Evan had a backpack and a change of underwear.

If the president stayed in a hotel, the Secret Service booked the entire floor — and the floors above and below. Every room, every item in every room, and every square inch of carpet was swept and physically examined for surveillance devices, hidden explosives, and radioactivity. Multiple escape routes were charted. An elevator repairman remained on site to respond to irregularities. Every employee in the hotel received a thorough vetting and background check. Those with priors were given the day off; those without were ordered to wear color-coded pins. Food suppliers and delivery companies were checked in similar fashion. Secret Service agents stood posts in the kitchen, monitoring the chefs, sous-chefs, and waitstaff during all stages of food preparation. The agents waited until dishes were prepared and then selected plates at random for Bennett. Sporadically, the hotel kitchen was sidestepped entirely, a navy steward brought in to prepare the president’s dishes.

Evan had a Baggie of leftover pool chlorine and a half bottle of high-proof vodka.

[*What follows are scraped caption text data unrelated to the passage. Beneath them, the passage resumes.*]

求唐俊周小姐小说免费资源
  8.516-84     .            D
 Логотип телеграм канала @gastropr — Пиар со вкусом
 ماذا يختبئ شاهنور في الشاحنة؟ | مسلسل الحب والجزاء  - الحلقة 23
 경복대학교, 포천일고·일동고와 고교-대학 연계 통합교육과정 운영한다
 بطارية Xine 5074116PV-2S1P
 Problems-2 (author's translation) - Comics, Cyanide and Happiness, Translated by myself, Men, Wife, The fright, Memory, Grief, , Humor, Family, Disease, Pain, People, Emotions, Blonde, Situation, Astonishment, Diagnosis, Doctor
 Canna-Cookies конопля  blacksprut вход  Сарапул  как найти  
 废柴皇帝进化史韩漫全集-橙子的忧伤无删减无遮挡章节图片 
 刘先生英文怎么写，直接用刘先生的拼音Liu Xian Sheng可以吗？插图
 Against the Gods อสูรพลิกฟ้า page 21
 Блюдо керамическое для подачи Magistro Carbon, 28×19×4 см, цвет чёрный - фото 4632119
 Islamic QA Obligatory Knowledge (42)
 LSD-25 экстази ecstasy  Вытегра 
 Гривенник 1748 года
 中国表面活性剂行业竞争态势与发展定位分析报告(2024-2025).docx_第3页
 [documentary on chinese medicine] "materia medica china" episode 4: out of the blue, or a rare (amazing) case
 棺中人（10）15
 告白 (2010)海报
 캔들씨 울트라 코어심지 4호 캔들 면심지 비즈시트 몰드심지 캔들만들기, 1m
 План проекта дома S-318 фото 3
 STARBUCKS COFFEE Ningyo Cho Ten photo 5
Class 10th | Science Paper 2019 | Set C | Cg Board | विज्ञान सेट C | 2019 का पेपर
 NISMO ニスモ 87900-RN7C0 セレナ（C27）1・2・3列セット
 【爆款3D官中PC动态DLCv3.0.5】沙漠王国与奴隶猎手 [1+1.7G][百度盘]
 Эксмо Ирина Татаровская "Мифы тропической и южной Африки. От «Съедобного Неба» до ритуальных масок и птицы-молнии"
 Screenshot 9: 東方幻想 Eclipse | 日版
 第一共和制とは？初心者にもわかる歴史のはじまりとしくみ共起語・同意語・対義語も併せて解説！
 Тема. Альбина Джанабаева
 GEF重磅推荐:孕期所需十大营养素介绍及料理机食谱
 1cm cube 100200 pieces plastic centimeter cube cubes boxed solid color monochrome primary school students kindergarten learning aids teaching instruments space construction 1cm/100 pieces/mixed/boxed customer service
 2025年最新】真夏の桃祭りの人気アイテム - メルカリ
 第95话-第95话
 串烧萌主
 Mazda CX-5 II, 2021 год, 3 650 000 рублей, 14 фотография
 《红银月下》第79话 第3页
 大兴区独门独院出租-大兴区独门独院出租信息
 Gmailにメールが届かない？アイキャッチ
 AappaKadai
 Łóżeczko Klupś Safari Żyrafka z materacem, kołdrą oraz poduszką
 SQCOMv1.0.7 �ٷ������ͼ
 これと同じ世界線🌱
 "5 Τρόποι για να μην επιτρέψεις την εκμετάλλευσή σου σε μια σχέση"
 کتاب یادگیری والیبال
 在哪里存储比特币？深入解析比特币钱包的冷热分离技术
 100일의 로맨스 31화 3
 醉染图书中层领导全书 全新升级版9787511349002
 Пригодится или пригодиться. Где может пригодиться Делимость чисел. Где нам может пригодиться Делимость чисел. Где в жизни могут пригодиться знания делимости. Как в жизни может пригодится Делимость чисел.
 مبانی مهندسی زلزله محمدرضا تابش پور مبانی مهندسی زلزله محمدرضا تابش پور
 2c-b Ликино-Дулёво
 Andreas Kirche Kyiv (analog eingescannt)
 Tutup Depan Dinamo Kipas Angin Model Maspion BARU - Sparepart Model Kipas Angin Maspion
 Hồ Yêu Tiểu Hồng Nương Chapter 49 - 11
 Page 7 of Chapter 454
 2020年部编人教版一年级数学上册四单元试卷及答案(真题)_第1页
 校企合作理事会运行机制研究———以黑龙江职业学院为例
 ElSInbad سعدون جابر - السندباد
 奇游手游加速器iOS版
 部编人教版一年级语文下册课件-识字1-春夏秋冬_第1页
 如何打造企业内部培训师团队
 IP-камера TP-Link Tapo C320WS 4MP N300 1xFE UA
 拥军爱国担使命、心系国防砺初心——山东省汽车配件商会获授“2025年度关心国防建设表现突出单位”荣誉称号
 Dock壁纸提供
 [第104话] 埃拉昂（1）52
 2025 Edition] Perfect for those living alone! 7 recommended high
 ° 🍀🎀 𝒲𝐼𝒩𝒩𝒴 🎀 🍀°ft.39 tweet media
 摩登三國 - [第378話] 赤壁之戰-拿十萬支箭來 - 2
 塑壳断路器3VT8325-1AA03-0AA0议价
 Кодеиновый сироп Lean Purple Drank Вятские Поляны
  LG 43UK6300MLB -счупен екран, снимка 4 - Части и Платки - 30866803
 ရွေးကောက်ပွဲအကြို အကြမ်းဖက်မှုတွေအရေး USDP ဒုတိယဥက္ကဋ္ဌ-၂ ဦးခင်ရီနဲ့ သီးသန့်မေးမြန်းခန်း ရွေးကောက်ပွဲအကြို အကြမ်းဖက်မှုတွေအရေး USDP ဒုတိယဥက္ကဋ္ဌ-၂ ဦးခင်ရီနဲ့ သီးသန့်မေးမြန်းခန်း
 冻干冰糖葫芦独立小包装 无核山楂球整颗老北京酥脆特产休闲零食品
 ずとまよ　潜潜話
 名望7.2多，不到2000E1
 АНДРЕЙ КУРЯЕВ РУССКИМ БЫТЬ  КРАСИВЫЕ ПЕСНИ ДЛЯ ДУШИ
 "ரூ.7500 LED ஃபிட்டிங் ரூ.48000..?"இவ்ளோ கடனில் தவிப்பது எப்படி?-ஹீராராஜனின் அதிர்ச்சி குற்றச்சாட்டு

He dove deeper into the Secret Service databases, now focusing on White House security procedures. The water-purification system was tested semimonthly, tech-security experts procuring a sample from every faucet and tap. The president had a weekly physical and bloodwork check, his robust medical file updated constantly. X-rays and MRIs could be provided on site, and peripheral health needs — optometry, pharmacy, and orthotics — were provided by specified outside contractors whose backgrounds, procedures, and operations had endured the full scrutiny of the Service. Food vendors, too, had been vetted within an inch of their lives, shipment records showing the president’s dining proclivities. Receptions and state dinners were handled by one of three caterers, able to produce two thousand pounds of shrimp, five hundred bourbon-glazed Virginia hams, and a few hundred gallons of iced tea at a few hours’ notice. Bennett’s triweekly workout sessions with a trainer in the West Wing gym dotted his schedule, along with evening swims in the pool, but a glance at the past month showed frequent cancellations. Only cleared manufacturers could provide exercise equipment and pool chemicals; only approved janitors could service the facilities. All tailoring occurred inside the White House, with the textiles, thread, buttons, and zippers given rigorous scrutiny.

Evan had a laptop and a fake ID.

He rubbed his eyes, feeling uncharacteristically overmatched. He was a guy in a hotel room contending with all the protections that the Secret Service’s $1.4 billion annual appropriation could buy Jonathan Bennett.

Evan gave himself three seconds to feel disheartened and then refocused on the databases, digging into the Service’s response tactics and capabilities.

The best bet, it seemed, was targeting Bennett in D.C. but out of the White House. Which meant a motorcade assault. Evan read some of the operational procedures for the Uniformed Division countersnipers, who were issued .300 Win Mags and Stoner SR-25s. The training regs for Special Operations’ counterassault team were even more rigorous, encompassing everything from close-quarters combat to ambush-defense tactics. CAT members operated in teams of six, a two-man element responding to the initial offensive while the others laid down heavy cover fire. They had a singular aim: suppress the attack long enough to give the president’s limo time to get away. Clad in body armor and black BDUs, they wielded SIG P229s and full-auto SR-16s and carried flashbangs and smoke grenades.